Image-caption web data:
------------------------

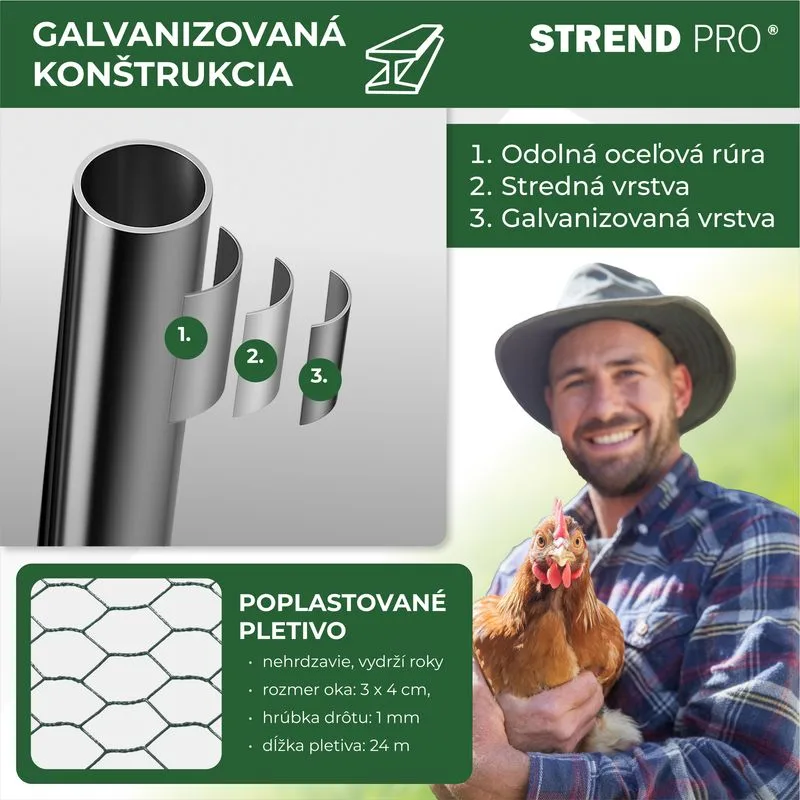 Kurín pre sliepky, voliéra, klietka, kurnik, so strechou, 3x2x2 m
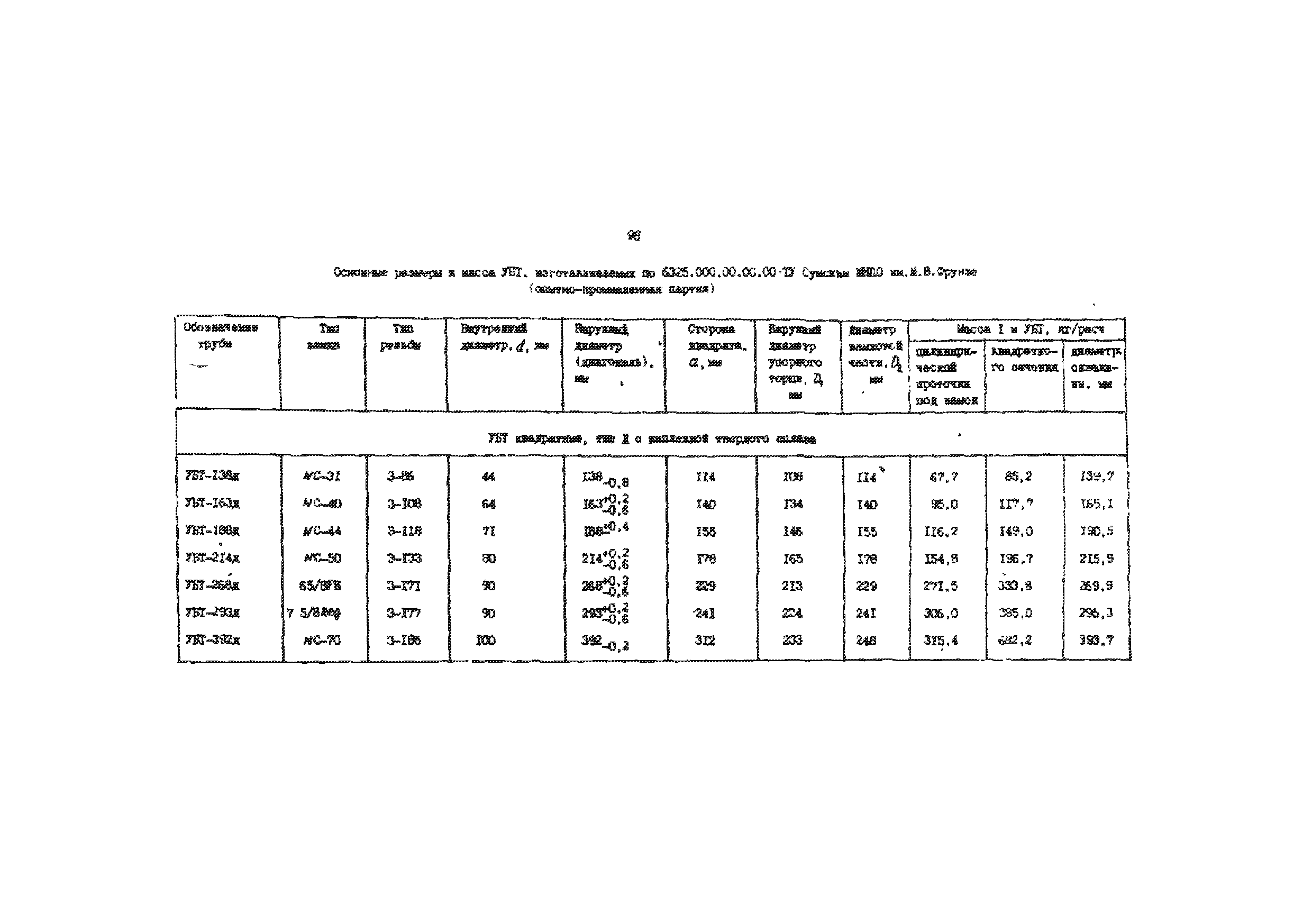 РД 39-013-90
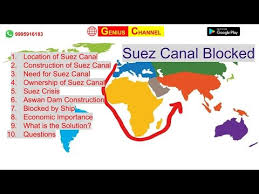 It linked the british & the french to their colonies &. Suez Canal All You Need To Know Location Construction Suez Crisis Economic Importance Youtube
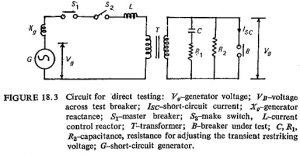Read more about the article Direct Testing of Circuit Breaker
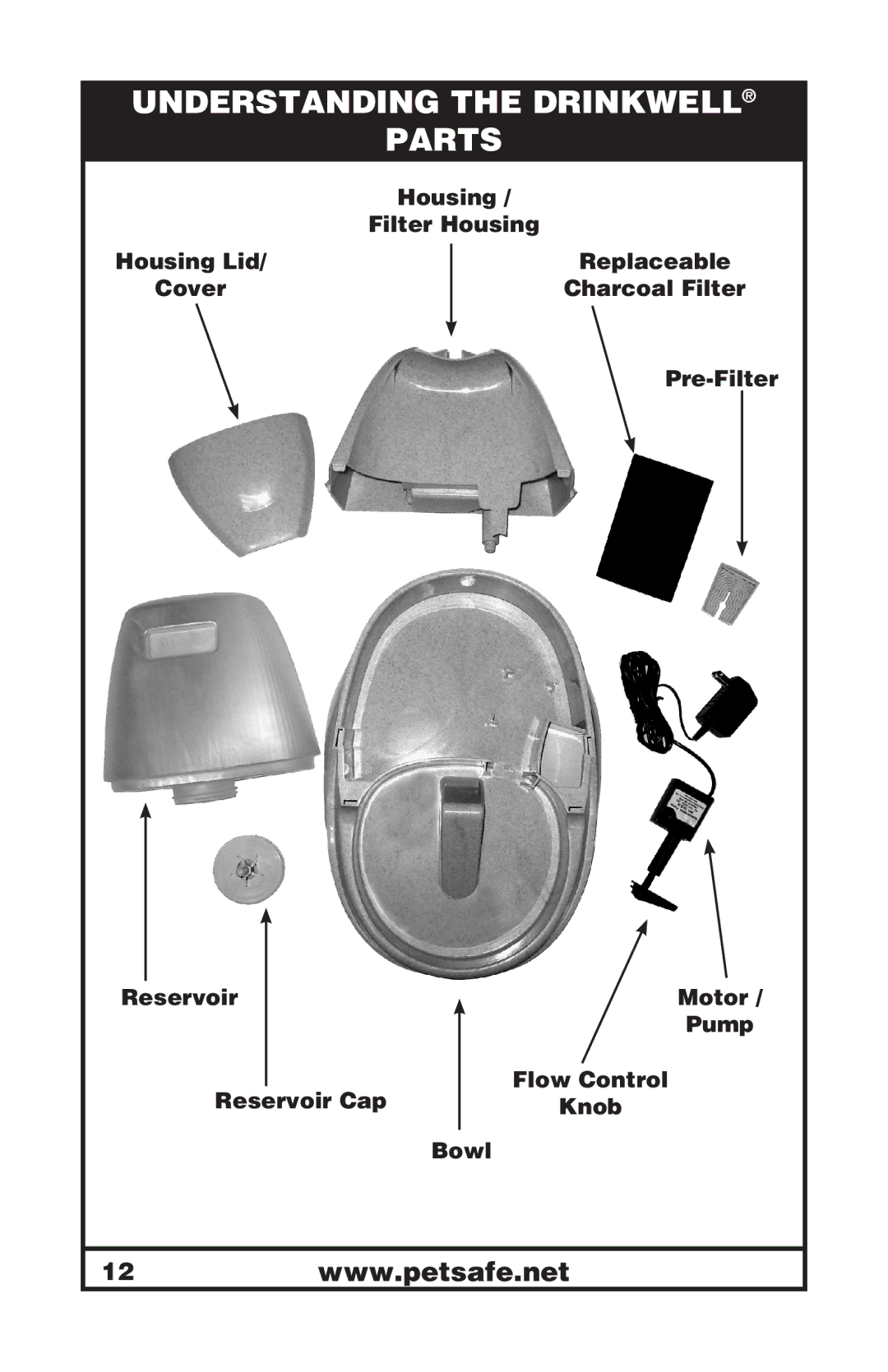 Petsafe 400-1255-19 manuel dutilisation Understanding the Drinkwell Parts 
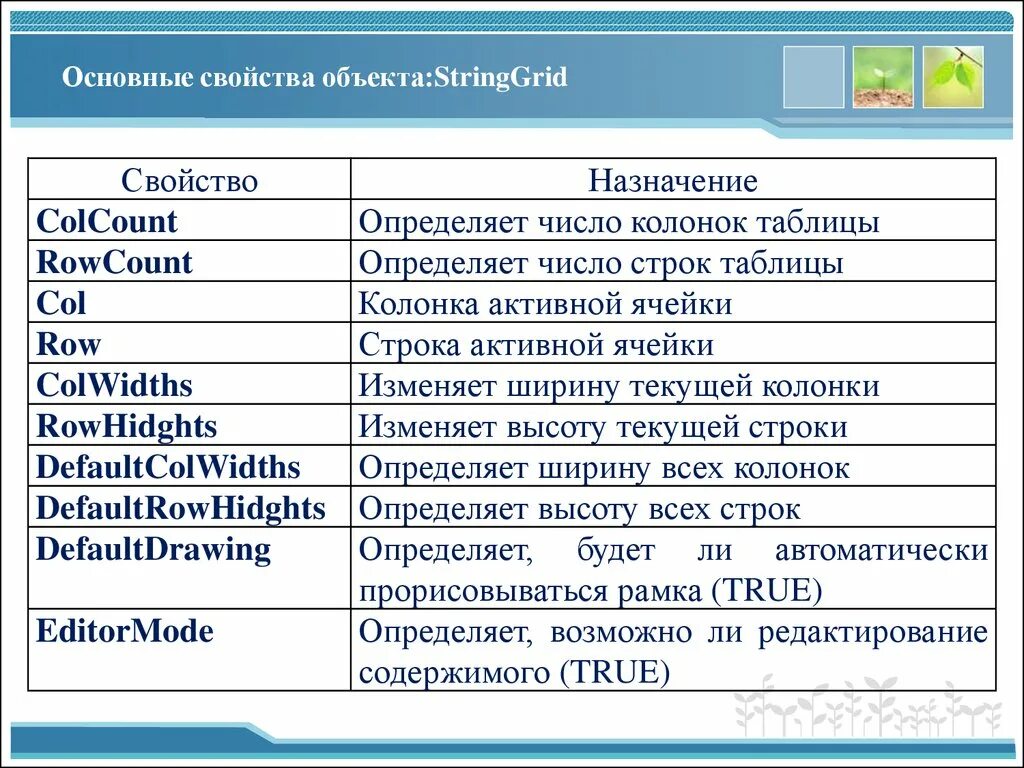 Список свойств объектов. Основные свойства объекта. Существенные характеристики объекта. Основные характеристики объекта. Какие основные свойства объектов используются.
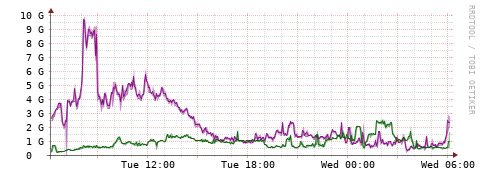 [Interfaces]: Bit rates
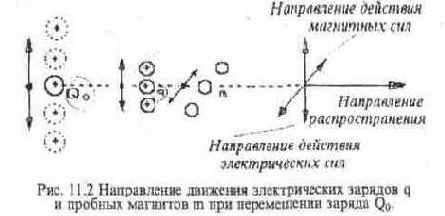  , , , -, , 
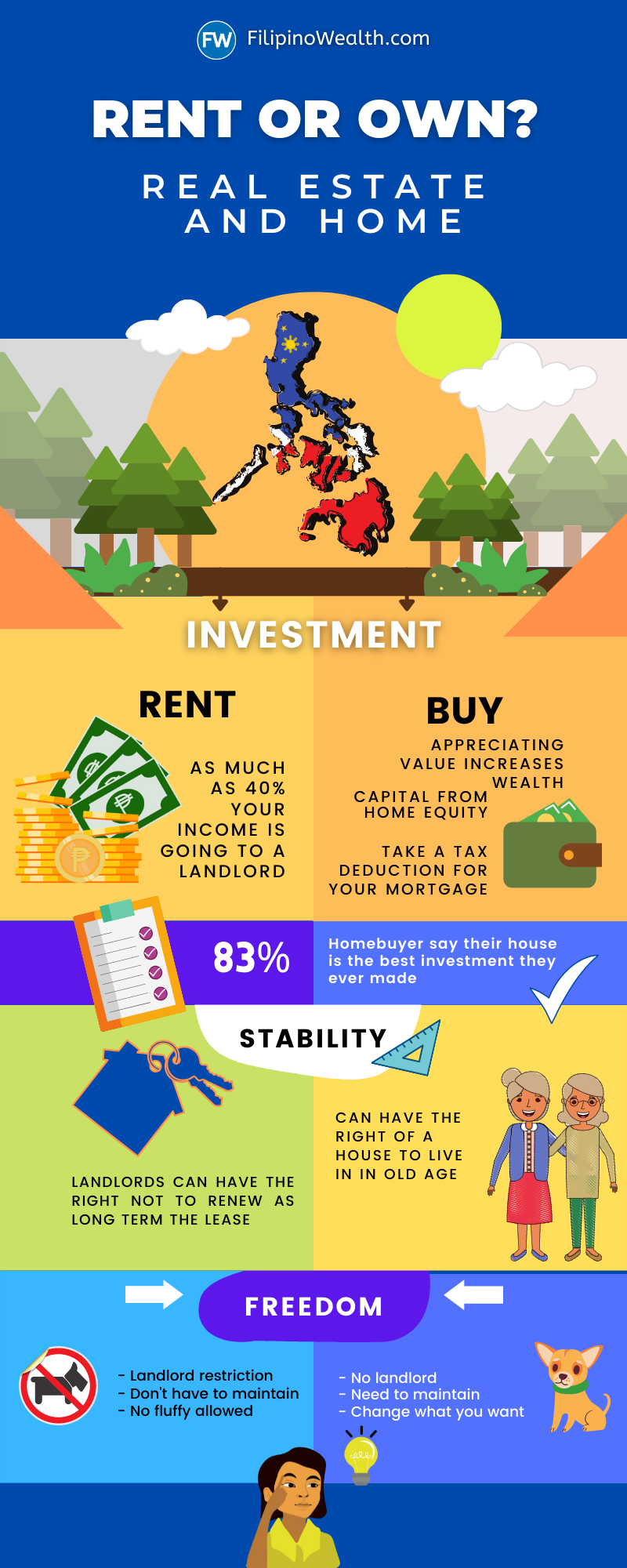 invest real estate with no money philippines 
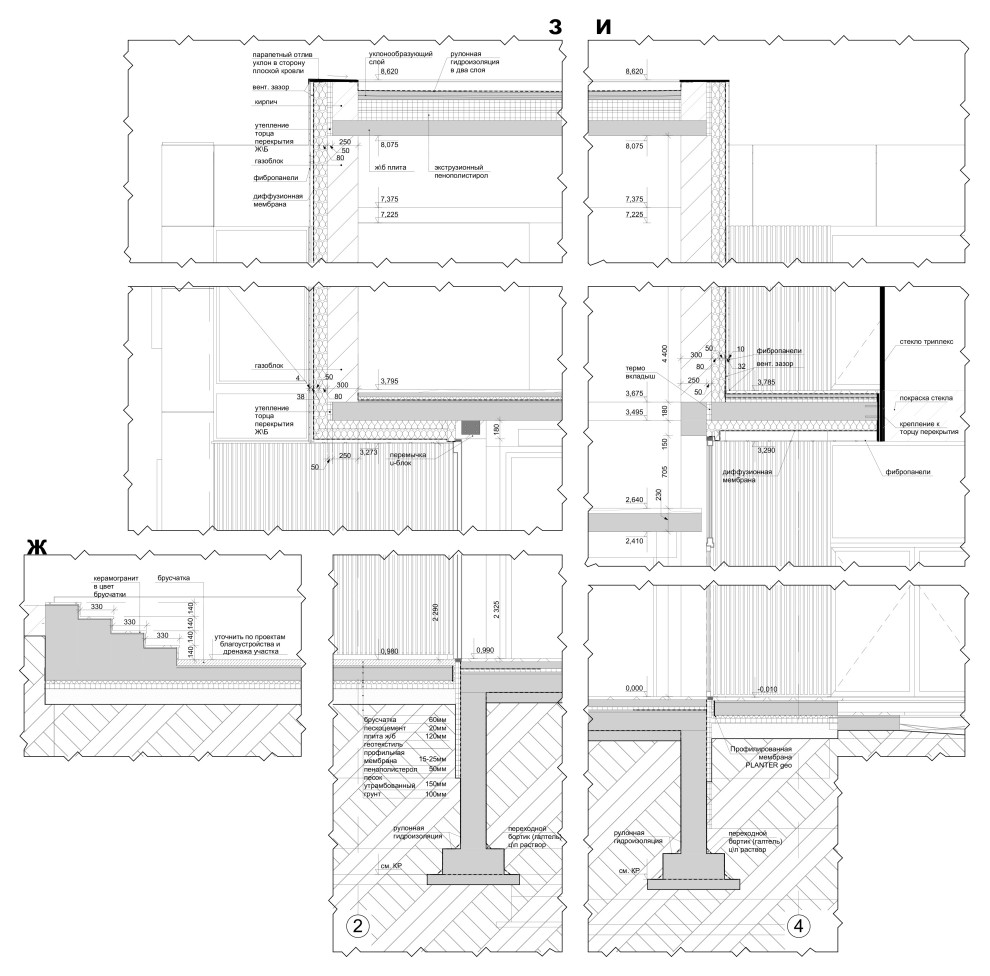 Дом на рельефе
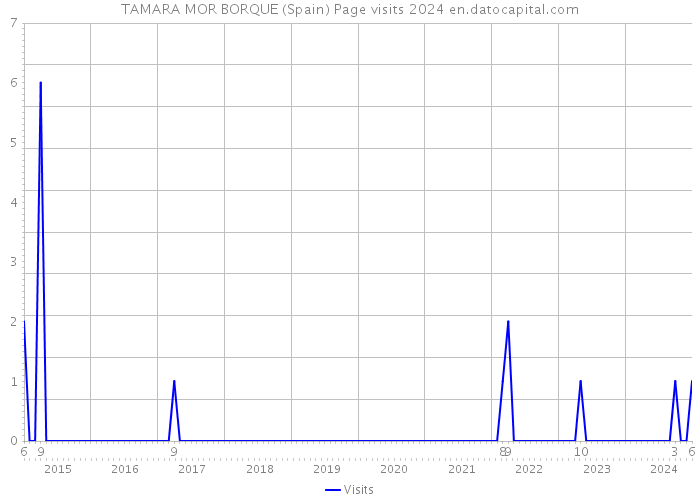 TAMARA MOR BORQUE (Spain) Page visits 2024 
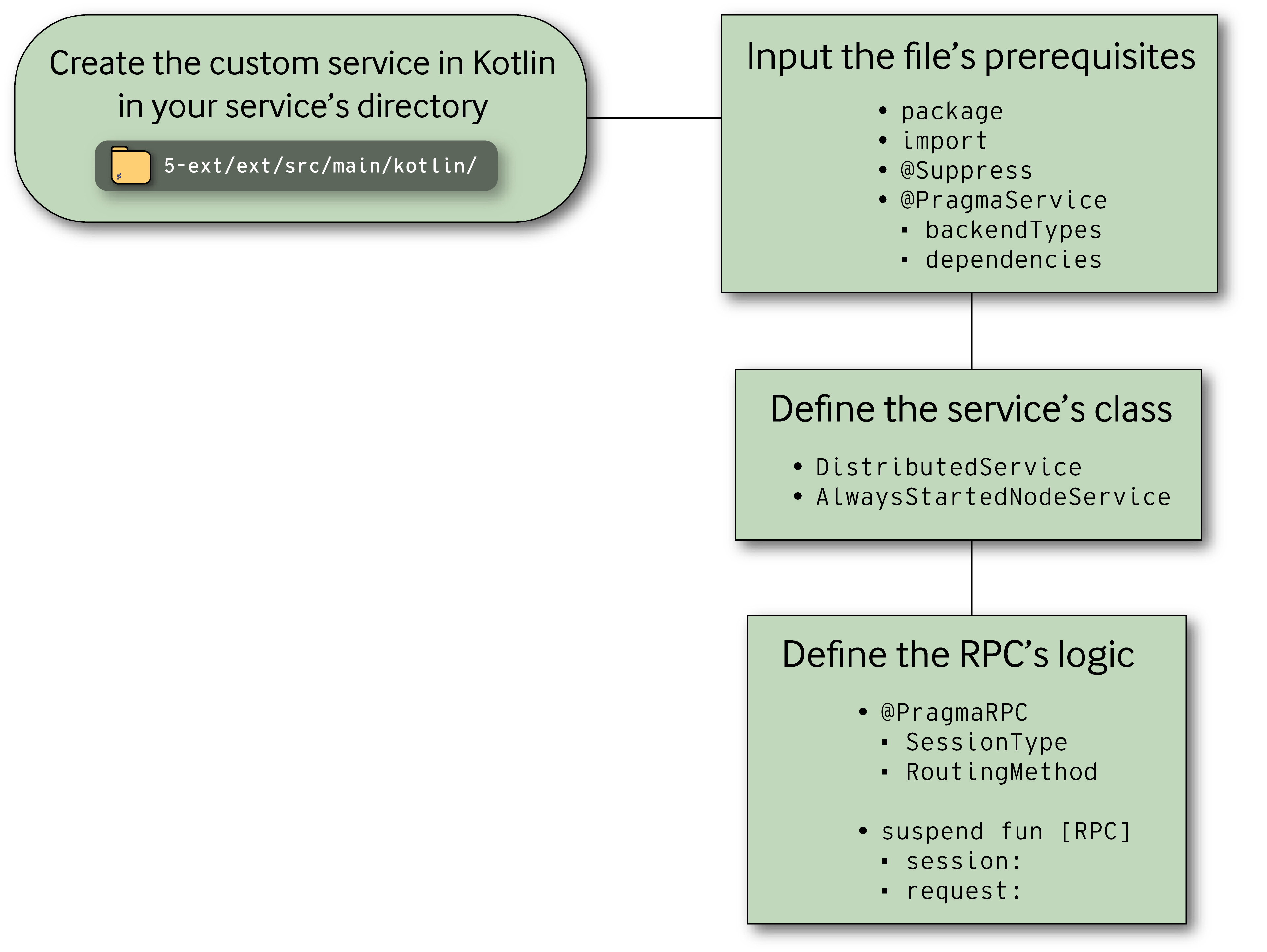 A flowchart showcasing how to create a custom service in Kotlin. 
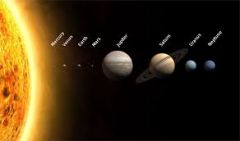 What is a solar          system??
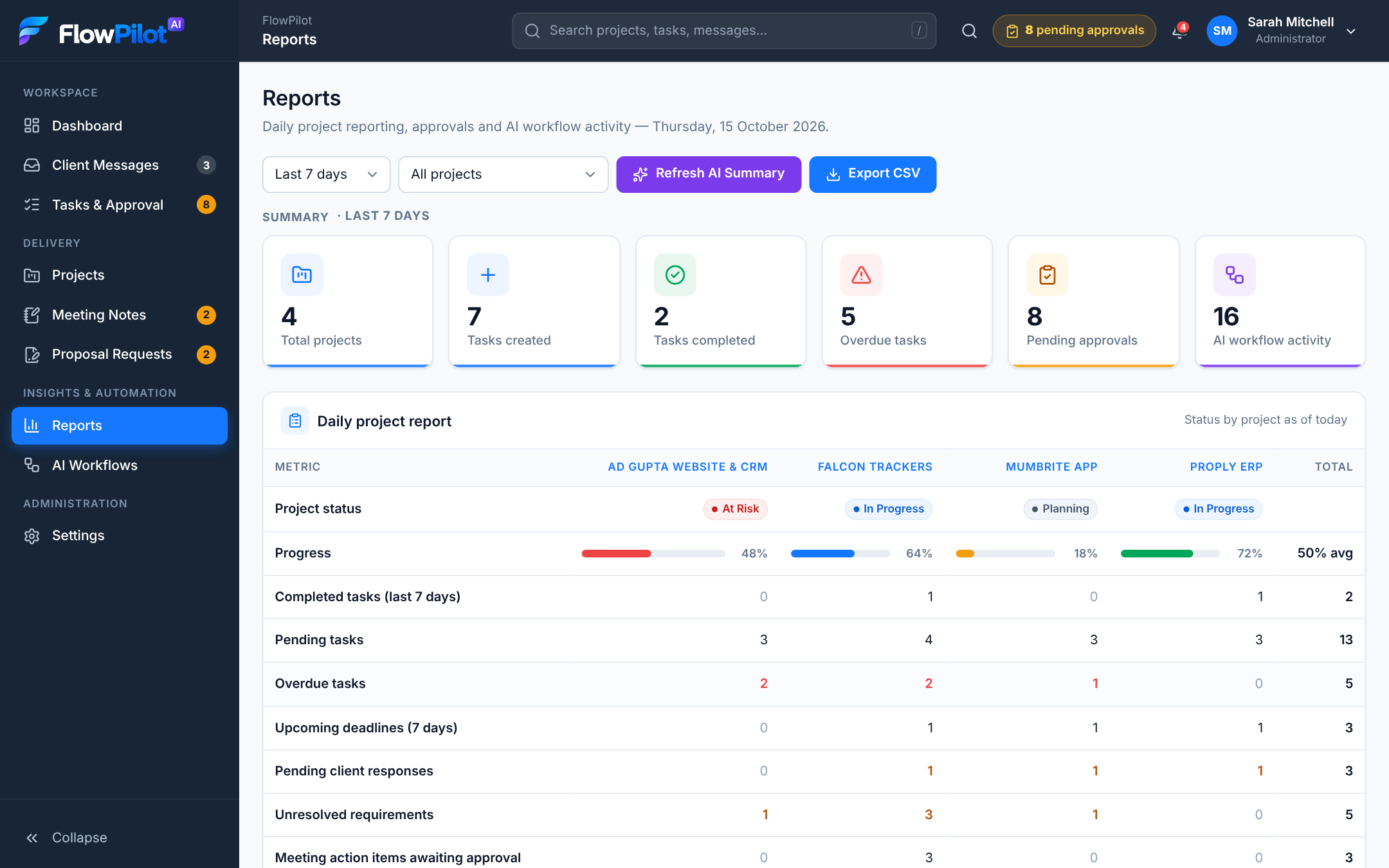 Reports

------------------------

• TASK STATEMENT: What are the lines in the records above, word for word, from the one containing "Read more about" through the one containing "A flowchart showcasing", both ends included and pictures left out?

• YOUR RESPONSE:
Read more about the article Direct Testing of Circuit Breaker
 Petsafe 400-1255-19 manuel dutilisation Understanding the Drinkwell Parts 
 Список свойств объектов. Основные свойства объекта. Существенные характеристики объекта. Основные характеристики объекта. Какие основные свойства объектов используются.
 [Interfaces]: Bit rates
  , , , -, , 
 invest real estate with no money philippines 
 Дом на рельефе
 TAMARA MOR BORQUE (Spain) Page visits 2024 
 A flowchart showcasing how to create a custom service in Kotlin. 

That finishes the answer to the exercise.